AIM OF THE TASK:
For this task, extract exactly the lines of the data below, from the line containing "El ingreso de" through the last one, with pictures left out.

[Scraped caption text data]

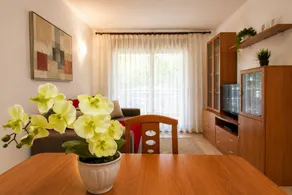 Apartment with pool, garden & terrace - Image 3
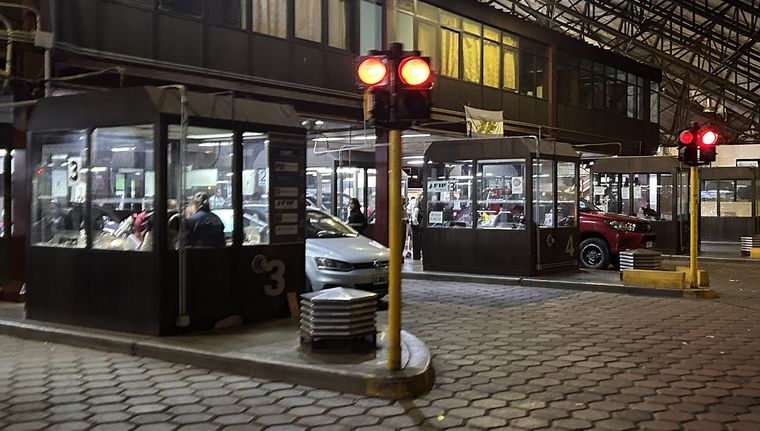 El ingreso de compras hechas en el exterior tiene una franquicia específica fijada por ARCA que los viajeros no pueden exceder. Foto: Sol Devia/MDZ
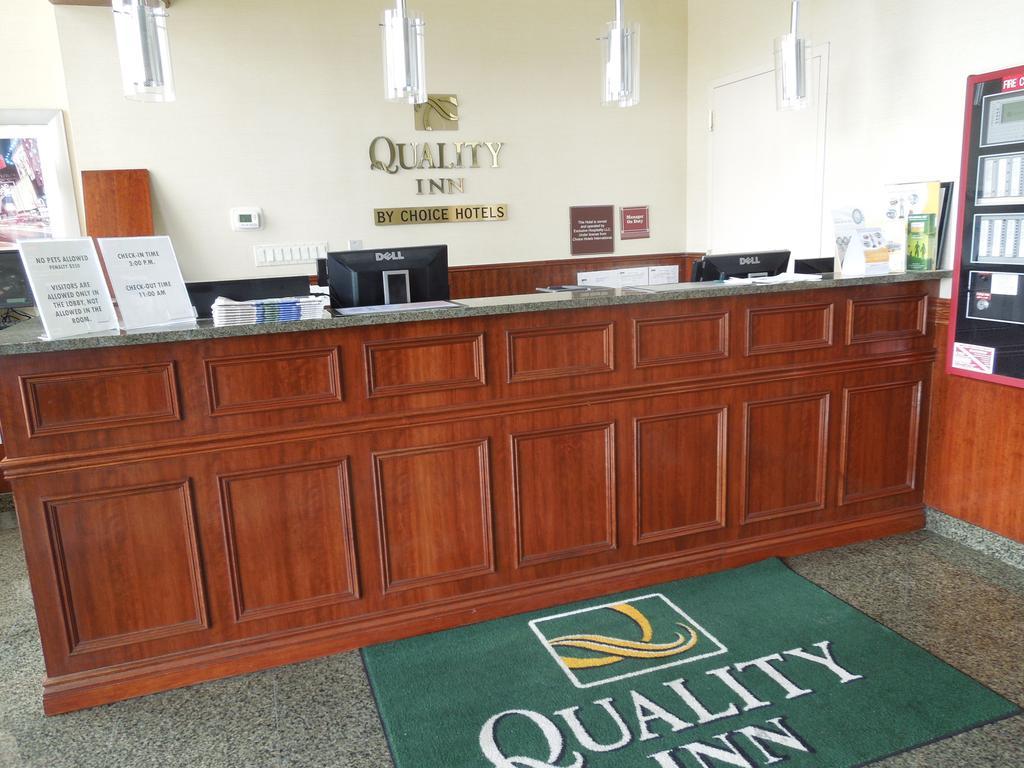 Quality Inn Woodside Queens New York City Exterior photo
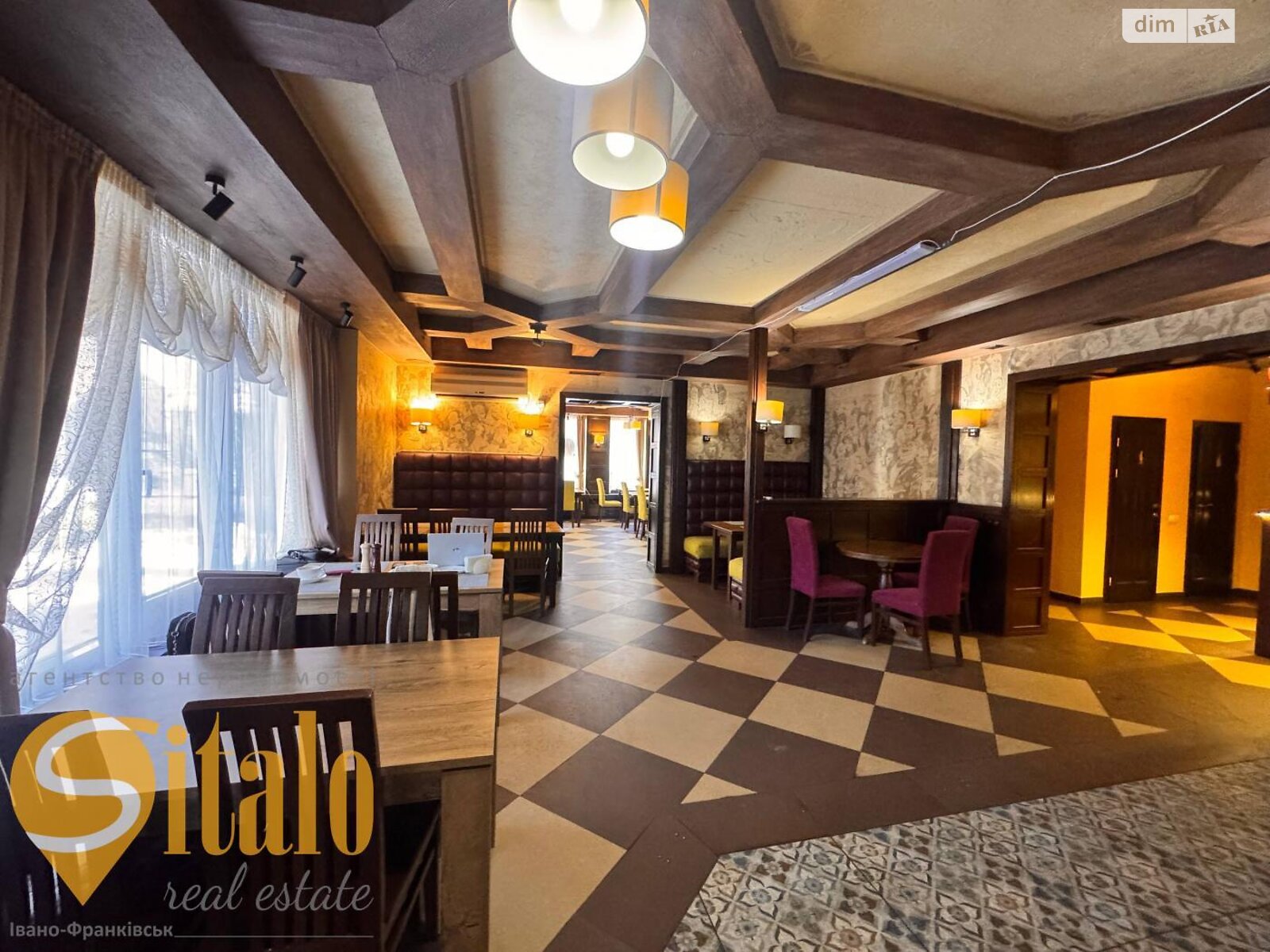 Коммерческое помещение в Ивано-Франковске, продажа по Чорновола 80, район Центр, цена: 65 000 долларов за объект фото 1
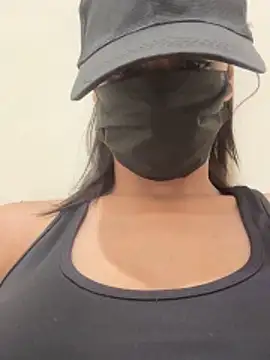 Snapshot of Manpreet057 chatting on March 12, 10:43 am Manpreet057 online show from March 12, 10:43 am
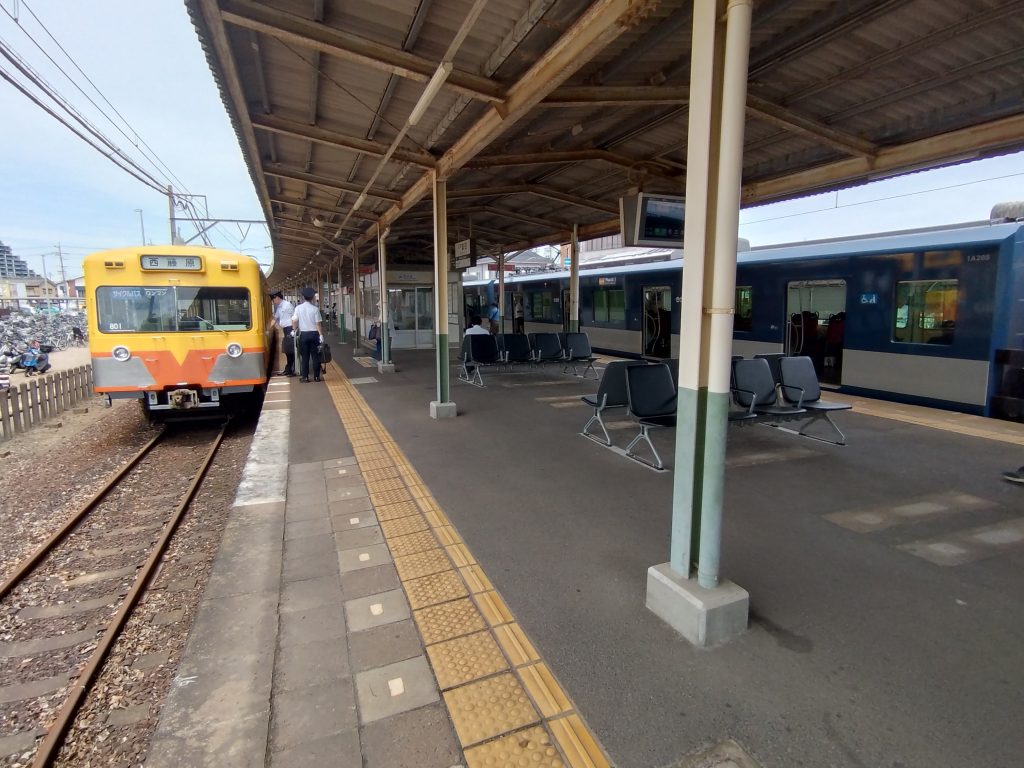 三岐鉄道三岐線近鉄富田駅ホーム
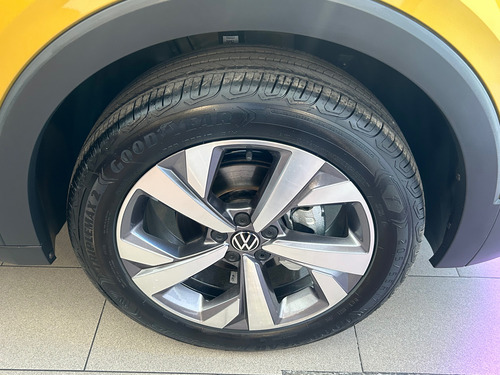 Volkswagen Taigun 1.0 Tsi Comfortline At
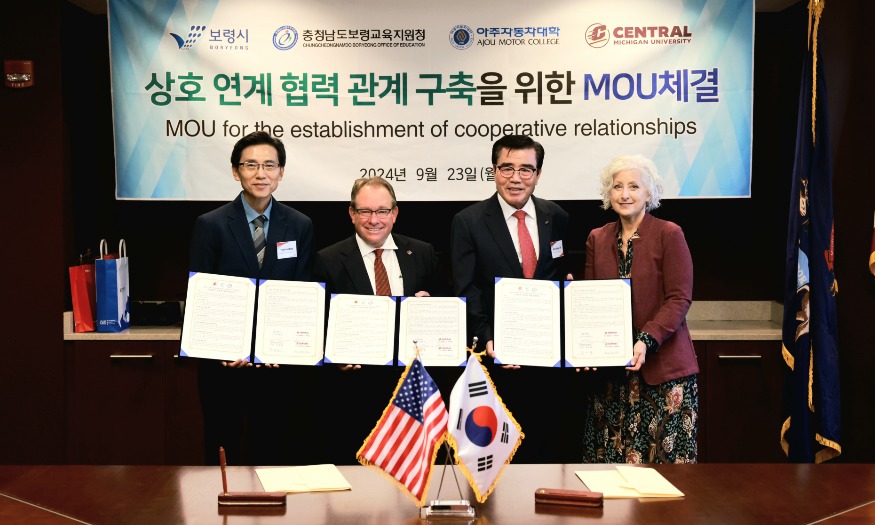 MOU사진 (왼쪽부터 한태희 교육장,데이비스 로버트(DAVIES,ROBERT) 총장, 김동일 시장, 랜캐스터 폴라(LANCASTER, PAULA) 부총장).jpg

COMPLETED EXERCISE:
 El ingreso de compras hechas en el exterior tiene una franquicia específica fijada por ARCA que los viajeros no pueden exceder. Foto: Sol Devia/MDZ
 Quality Inn Woodside Queens New York City Exterior photo
 Коммерческое помещение в Ивано-Франковске, продажа по Чорновола 80, район Центр, цена: 65 000 долларов за объект фото 1
 Snapshot of Manpreet057 chatting on March 12, 10:43 am Manpreet057 online show from March 12, 10:43 am
 三岐鉄道三岐線近鉄富田駅ホーム
 Volkswagen Taigun 1.0 Tsi Comfortline At
 MOU사진 (왼쪽부터 한태희 교육장,데이비스 로버트(DAVIES,ROBERT) 총장, 김동일 시장, 랜캐스터 폴라(LANCASTER, PAULA) 부총장).jpg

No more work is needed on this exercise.